Work request
Quote exactly and only this range of lines in the data below: the line that holds "Kraal Gedetailleerde Chiffon" to the line that holds "Sac Port� �paule", both included.
Start of Records provided
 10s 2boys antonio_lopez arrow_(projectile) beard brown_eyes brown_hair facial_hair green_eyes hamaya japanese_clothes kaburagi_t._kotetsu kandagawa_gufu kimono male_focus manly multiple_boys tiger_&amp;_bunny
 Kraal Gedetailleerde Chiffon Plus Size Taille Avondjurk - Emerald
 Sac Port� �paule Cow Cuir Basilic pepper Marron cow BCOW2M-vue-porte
End of Records provided
Start of Records provided
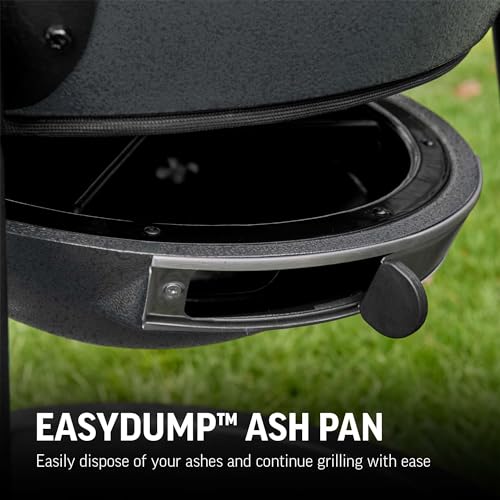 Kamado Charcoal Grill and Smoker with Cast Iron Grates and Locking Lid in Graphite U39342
End of Records provided
Answer area
 Kraal Gedetailleerde Chiffon Plus Size Taille Avondjurk - Emerald
 Sac Port� �paule Cow Cuir Basilic pepper Marron cow BCOW2M-vue-porte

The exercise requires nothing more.